Wednesday, March 26, 2008

Sorry Kids. Daddy Broke The Markets.



This quote by Larry Sabato (from Fox News' Your World With Neil Cavuto) is unintentionally funny:

NEIL CAVUTO (host): To John McCain today -- he was talking about housing, but concerned more with all the pricey government programs aimed at fixing housing. Historian Larry Sabato says it is a decidedly different tact: Democrats proposing a government solution for people in pain; the presumptive Republican nominee risking no such solution for the vast majority who are not. So, Larry, how does this fall out? I mean, one of the things in that Hillary Clinton press conference a few moments ago was this notion that maybe John McCain was pulling a Herbert Hoover. Will that register?

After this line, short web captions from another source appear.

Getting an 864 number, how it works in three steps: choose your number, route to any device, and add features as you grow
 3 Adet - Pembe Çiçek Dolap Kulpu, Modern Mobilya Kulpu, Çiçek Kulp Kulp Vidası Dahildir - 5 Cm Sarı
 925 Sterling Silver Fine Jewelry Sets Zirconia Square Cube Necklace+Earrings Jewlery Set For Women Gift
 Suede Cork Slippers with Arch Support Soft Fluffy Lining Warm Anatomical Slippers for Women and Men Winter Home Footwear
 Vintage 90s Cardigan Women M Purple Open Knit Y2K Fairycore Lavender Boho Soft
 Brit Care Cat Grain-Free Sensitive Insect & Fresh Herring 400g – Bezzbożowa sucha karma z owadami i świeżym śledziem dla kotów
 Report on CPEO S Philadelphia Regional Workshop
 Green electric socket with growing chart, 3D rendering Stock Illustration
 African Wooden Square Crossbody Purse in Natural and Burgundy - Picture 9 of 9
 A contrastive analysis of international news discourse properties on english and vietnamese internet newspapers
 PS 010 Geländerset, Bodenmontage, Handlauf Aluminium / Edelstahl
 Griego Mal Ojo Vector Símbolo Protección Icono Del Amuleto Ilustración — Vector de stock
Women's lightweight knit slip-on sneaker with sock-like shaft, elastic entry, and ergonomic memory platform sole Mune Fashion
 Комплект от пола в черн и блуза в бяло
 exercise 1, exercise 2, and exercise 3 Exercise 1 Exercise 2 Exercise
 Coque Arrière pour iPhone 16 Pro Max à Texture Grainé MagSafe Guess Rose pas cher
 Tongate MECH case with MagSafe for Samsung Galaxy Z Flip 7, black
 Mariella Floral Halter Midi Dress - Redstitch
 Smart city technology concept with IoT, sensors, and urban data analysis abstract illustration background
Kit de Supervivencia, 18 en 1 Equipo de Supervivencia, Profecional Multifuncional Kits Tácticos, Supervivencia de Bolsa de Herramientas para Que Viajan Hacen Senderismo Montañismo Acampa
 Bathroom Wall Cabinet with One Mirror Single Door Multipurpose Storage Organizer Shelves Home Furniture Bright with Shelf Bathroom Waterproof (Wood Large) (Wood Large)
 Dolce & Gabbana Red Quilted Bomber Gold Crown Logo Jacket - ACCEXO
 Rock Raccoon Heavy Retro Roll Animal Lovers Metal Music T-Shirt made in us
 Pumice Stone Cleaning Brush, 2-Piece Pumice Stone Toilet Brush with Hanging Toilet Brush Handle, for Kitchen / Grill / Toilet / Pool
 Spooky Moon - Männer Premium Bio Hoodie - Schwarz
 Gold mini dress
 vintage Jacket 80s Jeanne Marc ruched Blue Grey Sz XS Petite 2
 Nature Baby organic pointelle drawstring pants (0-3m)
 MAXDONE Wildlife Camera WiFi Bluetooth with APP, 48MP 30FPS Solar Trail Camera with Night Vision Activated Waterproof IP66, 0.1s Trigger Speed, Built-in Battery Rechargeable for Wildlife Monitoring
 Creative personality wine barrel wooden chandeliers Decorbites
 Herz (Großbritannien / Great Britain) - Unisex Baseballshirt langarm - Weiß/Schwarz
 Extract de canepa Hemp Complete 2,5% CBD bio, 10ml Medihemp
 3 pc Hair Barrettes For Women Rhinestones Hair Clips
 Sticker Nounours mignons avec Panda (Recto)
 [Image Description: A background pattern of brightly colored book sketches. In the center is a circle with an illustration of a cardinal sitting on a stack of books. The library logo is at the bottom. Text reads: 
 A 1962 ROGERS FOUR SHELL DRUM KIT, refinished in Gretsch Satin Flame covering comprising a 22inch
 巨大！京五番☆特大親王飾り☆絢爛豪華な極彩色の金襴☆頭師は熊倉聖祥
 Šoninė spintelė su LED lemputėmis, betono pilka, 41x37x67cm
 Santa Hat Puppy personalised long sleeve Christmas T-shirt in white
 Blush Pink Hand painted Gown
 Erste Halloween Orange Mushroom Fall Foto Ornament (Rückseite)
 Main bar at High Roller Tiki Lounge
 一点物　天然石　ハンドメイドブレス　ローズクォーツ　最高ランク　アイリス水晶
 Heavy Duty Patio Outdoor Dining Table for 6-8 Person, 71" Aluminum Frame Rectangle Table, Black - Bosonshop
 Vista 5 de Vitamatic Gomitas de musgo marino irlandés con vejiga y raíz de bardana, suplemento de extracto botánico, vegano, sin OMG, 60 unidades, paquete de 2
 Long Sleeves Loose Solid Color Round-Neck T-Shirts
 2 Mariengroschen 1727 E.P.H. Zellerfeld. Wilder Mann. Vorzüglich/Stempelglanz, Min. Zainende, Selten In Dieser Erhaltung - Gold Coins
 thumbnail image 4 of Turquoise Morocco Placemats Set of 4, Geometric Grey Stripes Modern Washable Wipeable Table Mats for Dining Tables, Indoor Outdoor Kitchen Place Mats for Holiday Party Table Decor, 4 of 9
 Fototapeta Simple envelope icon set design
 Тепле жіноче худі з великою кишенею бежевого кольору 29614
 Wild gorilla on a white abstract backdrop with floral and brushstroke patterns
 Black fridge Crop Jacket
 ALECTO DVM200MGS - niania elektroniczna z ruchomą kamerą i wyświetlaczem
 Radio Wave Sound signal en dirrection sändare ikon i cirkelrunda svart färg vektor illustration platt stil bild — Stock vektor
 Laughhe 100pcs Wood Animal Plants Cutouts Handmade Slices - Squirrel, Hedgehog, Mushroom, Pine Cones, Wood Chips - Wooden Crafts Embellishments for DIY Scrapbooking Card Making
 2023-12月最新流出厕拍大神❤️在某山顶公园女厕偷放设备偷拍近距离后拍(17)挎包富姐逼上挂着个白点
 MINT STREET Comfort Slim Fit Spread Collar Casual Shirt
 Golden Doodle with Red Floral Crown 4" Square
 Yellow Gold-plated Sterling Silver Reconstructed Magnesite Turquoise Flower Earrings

SABATO: Well, Neil, without insulting the American public, I'd have to say a fair proportion of the public doesn't know who Herbert Hoover was. So I don't think that will necessarily sell. Look, when you analyze parties, you need to think of them this way: The Democratic Party is the mommy party, and the Republican Party is the daddy party. Now, you and I both love both our mothers and fathers, right? But they play different roles in many families. The mother is loving and caring and takes us back in and provides the safety net. The father is the disciplinarian -- tough love. He makes us face up to hard realities, at least in many families. Well, the mommy party is the Democratic Party. The daddy party is the Republican Party. And I think if you look at the economy, you look at the housing, the mortgage crisis, a whole wide range of things, you'll find that the parties fulfill these images.

It's that old Republican framing, sure. But it comes across differently, because the Republicans have been in power for the last seven years and so the mortgage crisis, the housing problem and "a whole wide range of things" are something they created.

Who is the Daddy Disciplinarian supposed to spank here? Himself?